:: Entries provided

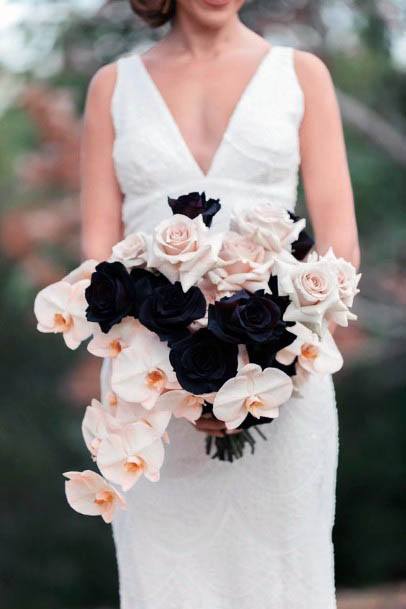 Dark And Light Rose Wedding Bouquet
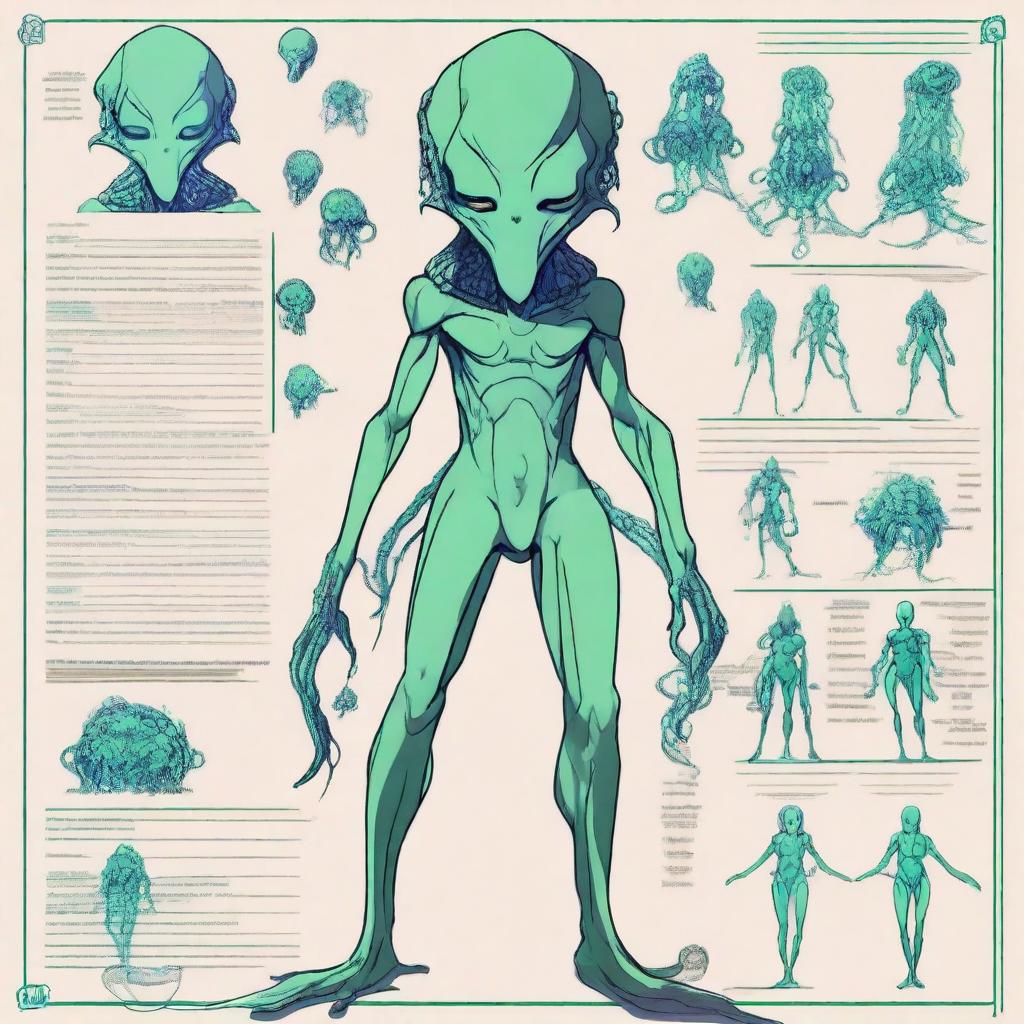 A high-quality digital art of an anime-style character sheet, featuring an alien space man with tentacles for hair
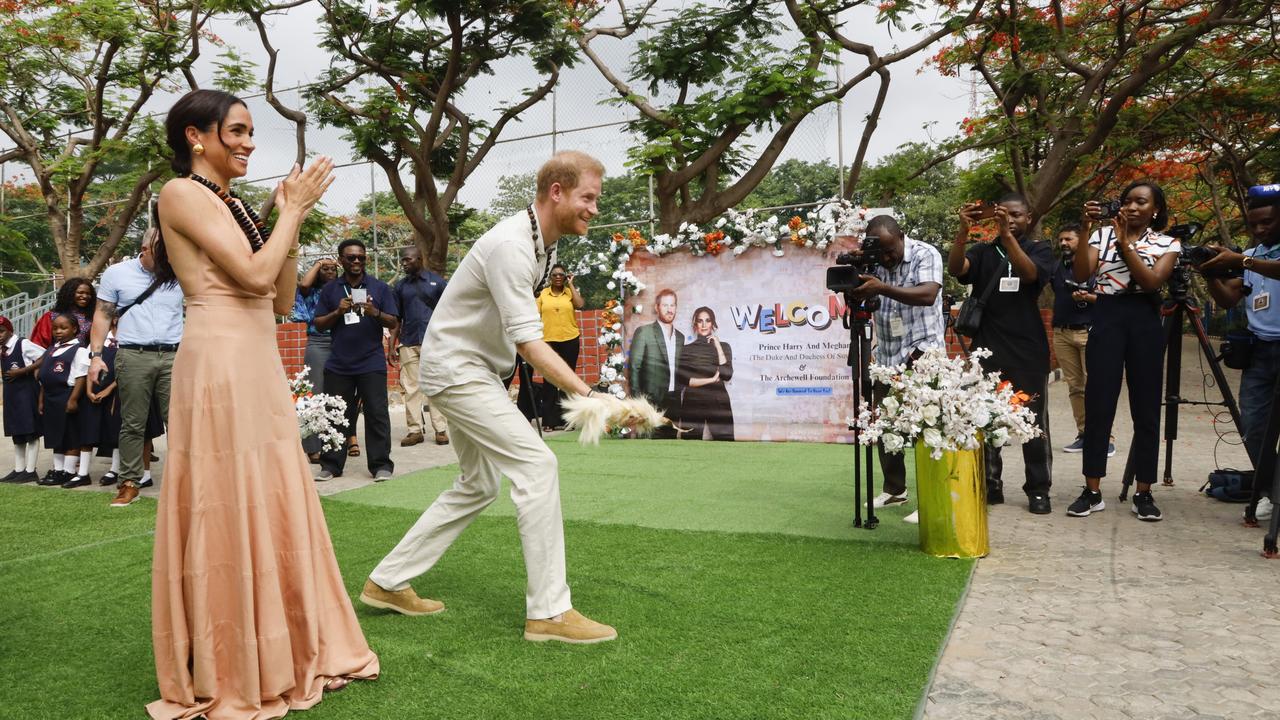 The couple, who were recently in Abuja, Nigeria, raised eyebrows. Picture: Andrew Esiebo/Getty Images for The Archewell Foundation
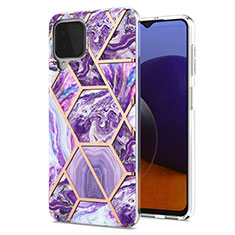 Silicone Candy Rubber Gel Fashionable Pattern Soft Case Cover Y01B for Samsung Galaxy A22 4G Purple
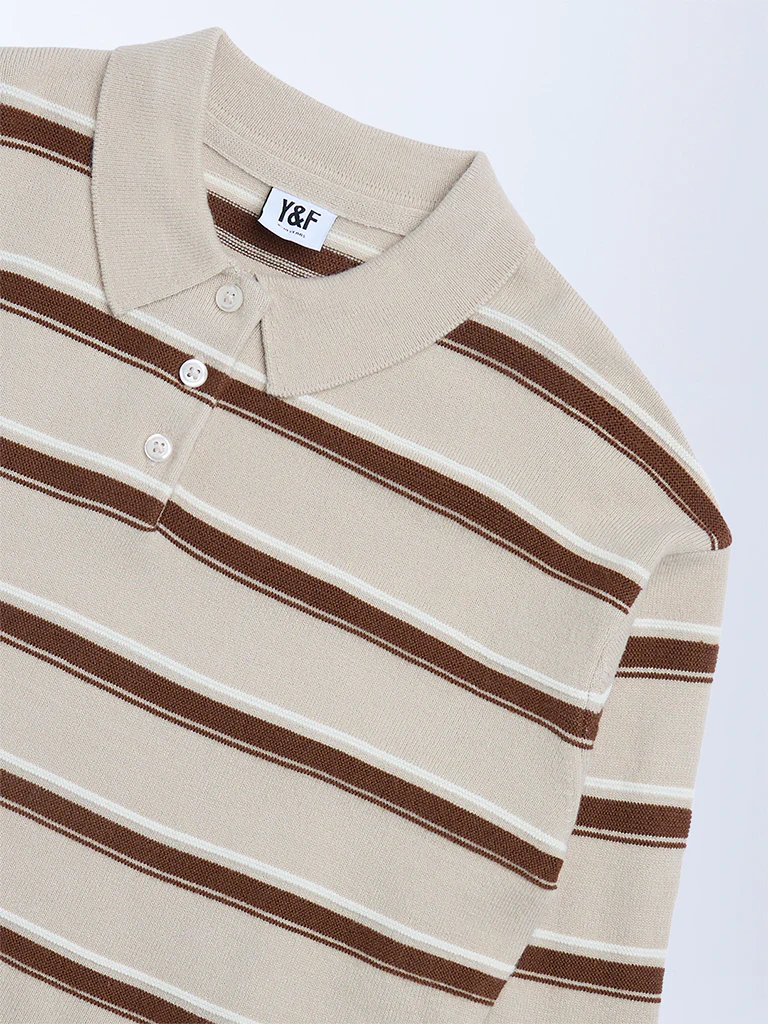 Y&F Kids Girls Brown Striped Sweater - Image 3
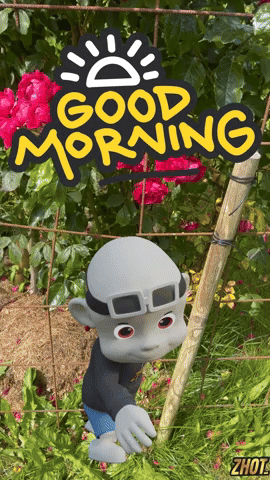 Good Morning Sign with Cartoon Character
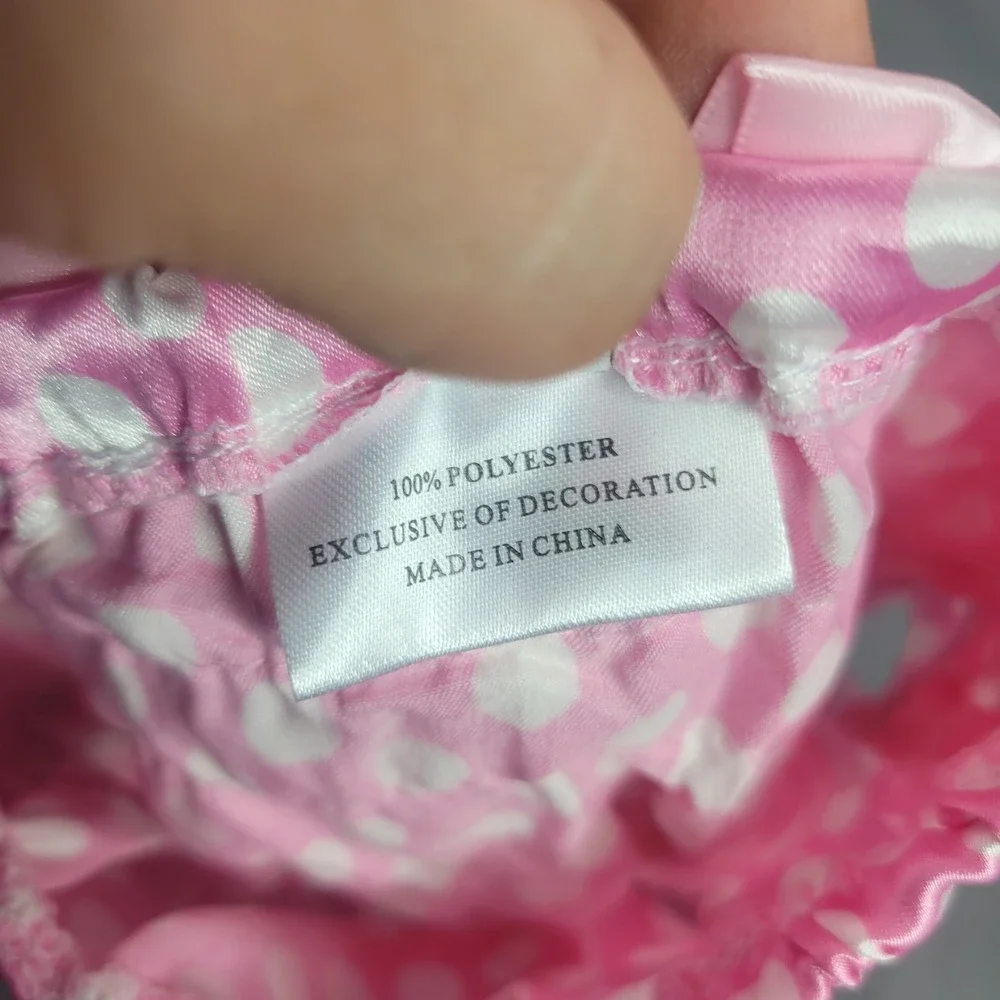 Pink Polka Dot Ruffle Bloomers Baby Toddler Diaper Cover Satin Bow Size L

::::

• [Work request] Your answer should be every entry repeated exactly, minus the pictures.

• [Result]
 Dark And Light Rose Wedding Bouquet
 A high-quality digital art of an anime-style character sheet, featuring an alien space man with tentacles for hair
 The couple, who were recently in Abuja, Nigeria, raised eyebrows. Picture: Andrew Esiebo/Getty Images for The Archewell Foundation
 Silicone Candy Rubber Gel Fashionable Pattern Soft Case Cover Y01B for Samsung Galaxy A22 4G Purple
 Y&F Kids Girls Brown Striped Sweater - Image 3
 Good Morning Sign with Cartoon Character
 Pink Polka Dot Ruffle Bloomers Baby Toddler Diaper Cover Satin Bow Size L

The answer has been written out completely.